§ **Task prompt**:
Nothing but the text should be carried over: reproduce all the data exactly and leave out every image.

§ **Supplied information**:
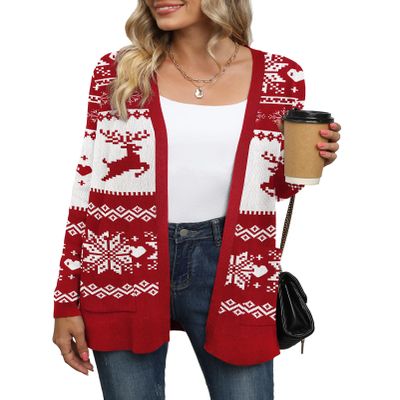 LILBETTER Womens Casual Lightweight Long Sleeve Open Front Cardigan Sweaters with Pockets(F Christmas Red,Large)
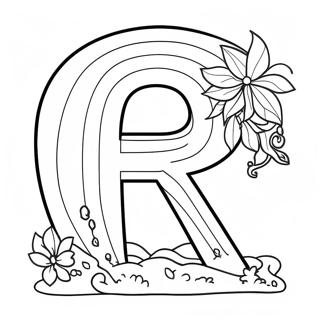 Regnbue Bokstav R Fargeleggingsark 3321-2643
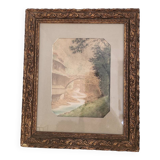 Golden stucco frame with pretty landscape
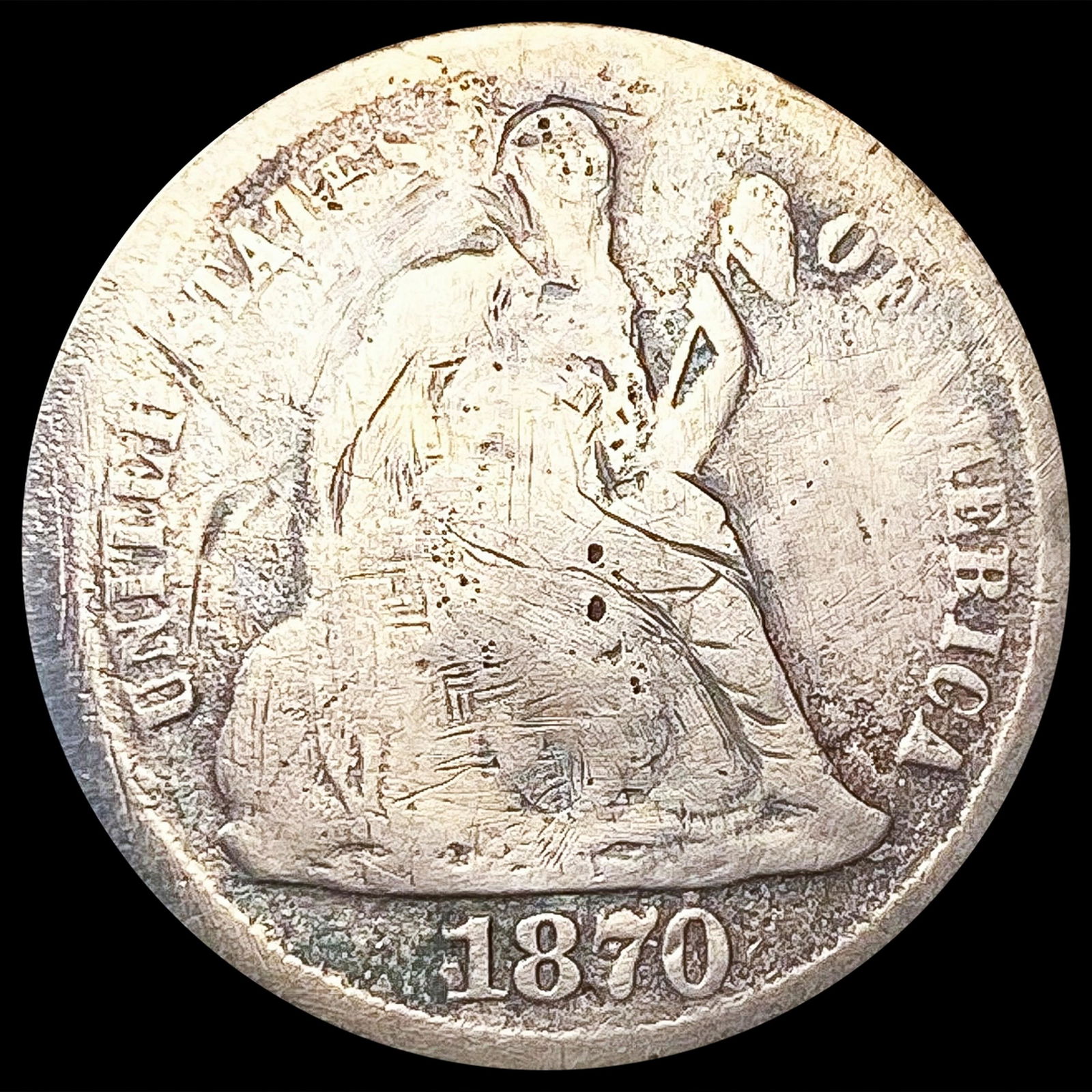 1870-S Seated Liberty Dime NICELY CIRCULATED (1 of 2)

§ **Result**:
 LILBETTER Womens Casual Lightweight Long Sleeve Open Front Cardigan Sweaters with Pockets(F Christmas Red,Large)
 Regnbue Bokstav R Fargeleggingsark 3321-2643
 Golden stucco frame with pretty landscape
 1870-S Seated Liberty Dime NICELY CIRCULATED (1 of 2)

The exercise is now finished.